Se questi sono i fatti, vengono a porsi alcuni problemi a cui si può provare di rispondere. Come si deve valutare un’irruzione del genere? Quali sono le spie che questa vicenda ha segnalato, e quali conseguenze possono essere previste?
Le reazioni alla protesta dei “trumpisti” presso il parlamento statunitense ha suscitato valutazioni diverse. Della dura condanna da parte dei “democratici”, primo fra tutti il Presidente-eletto J.R. Biden, si è detto. Sono le reazioni più logiche e si inseriscono nella condanna delle azioni degli avversari. Ad essere più interessanti sono le reazioni dell’opinione di “destra” o “conservatrice”. Esse sono state di appoggio incondizionato o di sconfessione, sia per la violenza presente (sebbene i manifestanti fossero per lo più disarmati) sia per l’abbigliamento estroverso e originale di taluni partecipanti, prontamente esibiti a favor di telecamera. Se le pelli da sciamano e i cappelli a foggia di testa di bisonte possono forse far sollevare qualche sopracciglio come reazione, non di meno una protesta di tale magnitudine era sostanzialmente inaspettata e difficilmente replicabile in altri contesti. Può quindi essere opportuno soffermarvisi.
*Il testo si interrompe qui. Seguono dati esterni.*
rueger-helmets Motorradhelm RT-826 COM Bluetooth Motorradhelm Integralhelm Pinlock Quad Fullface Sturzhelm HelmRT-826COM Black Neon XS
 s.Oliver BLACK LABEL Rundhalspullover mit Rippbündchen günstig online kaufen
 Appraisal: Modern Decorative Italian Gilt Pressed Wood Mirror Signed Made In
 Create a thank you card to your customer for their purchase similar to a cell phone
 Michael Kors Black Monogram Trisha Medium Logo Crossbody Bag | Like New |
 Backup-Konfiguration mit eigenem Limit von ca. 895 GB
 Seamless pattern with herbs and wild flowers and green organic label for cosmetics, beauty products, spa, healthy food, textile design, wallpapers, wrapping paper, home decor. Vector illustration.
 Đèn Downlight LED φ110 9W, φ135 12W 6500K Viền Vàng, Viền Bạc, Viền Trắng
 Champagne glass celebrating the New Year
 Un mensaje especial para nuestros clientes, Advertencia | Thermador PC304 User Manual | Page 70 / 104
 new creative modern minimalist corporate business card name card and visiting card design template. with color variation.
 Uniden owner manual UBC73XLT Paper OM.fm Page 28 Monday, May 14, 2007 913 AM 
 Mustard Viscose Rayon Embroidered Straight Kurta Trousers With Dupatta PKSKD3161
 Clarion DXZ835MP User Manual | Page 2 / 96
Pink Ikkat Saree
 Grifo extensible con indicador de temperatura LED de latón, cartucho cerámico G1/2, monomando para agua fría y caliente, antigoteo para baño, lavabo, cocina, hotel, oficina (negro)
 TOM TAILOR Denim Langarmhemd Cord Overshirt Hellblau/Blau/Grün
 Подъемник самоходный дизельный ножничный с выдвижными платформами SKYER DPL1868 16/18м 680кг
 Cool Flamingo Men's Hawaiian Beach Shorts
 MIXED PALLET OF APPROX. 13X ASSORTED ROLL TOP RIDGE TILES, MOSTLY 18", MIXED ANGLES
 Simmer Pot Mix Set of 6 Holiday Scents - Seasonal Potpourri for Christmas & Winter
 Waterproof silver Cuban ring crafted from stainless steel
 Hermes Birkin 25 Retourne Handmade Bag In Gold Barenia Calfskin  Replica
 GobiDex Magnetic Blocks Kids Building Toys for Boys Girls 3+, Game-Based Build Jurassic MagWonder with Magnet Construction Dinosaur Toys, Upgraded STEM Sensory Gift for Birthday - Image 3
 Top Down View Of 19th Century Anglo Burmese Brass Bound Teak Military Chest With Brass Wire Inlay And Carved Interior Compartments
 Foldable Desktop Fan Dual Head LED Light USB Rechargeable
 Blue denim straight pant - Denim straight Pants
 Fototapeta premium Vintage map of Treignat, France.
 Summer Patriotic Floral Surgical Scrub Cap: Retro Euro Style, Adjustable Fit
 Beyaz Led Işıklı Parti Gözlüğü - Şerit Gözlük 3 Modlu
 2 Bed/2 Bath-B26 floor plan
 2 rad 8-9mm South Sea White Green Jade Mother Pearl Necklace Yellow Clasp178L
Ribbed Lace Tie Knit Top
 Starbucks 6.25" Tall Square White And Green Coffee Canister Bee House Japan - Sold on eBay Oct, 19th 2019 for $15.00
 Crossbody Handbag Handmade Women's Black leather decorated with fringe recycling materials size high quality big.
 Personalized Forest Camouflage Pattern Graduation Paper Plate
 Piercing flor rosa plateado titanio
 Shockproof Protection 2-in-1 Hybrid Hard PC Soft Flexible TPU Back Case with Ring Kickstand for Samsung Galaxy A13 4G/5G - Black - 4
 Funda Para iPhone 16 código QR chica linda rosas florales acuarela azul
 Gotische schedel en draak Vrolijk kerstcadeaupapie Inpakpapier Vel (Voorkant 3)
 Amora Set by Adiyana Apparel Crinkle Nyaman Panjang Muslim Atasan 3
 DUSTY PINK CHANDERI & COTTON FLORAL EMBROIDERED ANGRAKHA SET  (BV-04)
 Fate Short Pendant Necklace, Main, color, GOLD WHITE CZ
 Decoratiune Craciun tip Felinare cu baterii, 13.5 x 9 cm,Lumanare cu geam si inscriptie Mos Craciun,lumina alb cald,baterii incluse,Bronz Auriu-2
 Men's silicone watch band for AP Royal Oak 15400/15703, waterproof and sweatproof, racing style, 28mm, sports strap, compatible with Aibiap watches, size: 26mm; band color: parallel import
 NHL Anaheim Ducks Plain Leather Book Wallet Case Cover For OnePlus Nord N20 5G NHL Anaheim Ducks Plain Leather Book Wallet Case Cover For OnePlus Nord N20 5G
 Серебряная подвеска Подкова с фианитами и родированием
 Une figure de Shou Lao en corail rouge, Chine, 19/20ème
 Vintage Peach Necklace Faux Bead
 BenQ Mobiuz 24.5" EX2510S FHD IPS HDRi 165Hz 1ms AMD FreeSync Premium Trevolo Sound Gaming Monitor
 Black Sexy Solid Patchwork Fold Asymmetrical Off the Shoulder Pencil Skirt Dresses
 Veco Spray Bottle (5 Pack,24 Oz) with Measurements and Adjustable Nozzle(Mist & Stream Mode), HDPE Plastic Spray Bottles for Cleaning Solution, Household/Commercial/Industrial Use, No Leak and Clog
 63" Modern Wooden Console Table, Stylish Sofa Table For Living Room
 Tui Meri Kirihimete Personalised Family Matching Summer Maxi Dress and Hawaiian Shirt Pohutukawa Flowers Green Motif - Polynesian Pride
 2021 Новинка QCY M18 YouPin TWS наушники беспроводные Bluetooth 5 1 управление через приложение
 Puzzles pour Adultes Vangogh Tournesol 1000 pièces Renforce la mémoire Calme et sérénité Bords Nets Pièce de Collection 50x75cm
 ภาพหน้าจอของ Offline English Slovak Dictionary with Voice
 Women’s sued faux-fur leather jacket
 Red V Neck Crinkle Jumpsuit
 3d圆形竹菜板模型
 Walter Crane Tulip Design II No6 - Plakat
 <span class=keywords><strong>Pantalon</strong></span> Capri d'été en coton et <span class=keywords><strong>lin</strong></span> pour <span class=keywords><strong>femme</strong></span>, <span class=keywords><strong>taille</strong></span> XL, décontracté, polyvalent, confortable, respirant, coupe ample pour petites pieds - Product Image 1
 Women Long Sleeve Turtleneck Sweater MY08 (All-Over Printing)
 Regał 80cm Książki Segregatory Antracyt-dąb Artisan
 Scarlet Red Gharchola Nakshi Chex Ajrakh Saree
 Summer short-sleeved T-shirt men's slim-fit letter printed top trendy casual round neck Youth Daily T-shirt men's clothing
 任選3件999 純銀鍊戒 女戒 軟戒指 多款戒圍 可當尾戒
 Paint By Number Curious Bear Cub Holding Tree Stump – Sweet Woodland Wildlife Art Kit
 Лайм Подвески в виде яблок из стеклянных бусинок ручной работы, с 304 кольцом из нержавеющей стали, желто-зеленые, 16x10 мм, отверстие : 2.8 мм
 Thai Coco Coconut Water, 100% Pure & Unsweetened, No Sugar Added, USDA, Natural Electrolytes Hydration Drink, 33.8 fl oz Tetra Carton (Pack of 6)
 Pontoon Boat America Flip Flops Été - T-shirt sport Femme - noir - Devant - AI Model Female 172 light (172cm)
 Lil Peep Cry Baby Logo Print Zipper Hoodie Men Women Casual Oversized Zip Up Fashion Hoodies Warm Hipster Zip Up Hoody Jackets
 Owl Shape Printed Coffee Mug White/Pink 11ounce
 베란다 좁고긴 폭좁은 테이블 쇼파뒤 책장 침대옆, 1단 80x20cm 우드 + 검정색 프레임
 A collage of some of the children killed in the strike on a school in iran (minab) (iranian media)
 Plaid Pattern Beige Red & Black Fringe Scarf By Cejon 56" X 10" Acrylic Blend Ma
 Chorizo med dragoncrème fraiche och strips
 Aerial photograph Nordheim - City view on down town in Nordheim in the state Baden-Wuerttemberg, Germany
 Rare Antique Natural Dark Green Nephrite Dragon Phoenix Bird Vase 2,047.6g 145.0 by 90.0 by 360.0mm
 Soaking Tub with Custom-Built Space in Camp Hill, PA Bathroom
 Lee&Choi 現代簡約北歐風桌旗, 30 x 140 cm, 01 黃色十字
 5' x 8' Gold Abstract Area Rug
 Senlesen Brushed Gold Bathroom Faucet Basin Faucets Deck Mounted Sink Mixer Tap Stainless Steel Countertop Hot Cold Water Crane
In prima battuta è da osservare che schierarsi acriticamente contro ogni manifestazione di popolo "sopra le righe" sia pericoloso. Il motivo è semplice. Una manifestazione che decide di porsi in diretta antitesi con le procedure "democratiche", quale in questo caso è la ratifica del voto dei Grandi Elettori, è un problema politico estremamente rilevante. Nel caso in cui essa sia stata una protesta organizzata, Donald Trump ha tentato un colpo di stato e il fatto che gli USA siano considerati un ordinamento socio-politico alla portata di un colpo di stato è degno di riflessione sia per chi si occupa della sicurezza nazionale statunitense, sia per coloro i quali considerano l’Occidente un pacioso lago in cui la storia continua ad essere finita. Nel caso viceversa in cui sia una protesta spontanea, a maggior ragione è un fatto politico molto grave, perché dei cittadini hanno ritirato la loro fiducia nelle istituzioni fino al punto di contestarle direttamente.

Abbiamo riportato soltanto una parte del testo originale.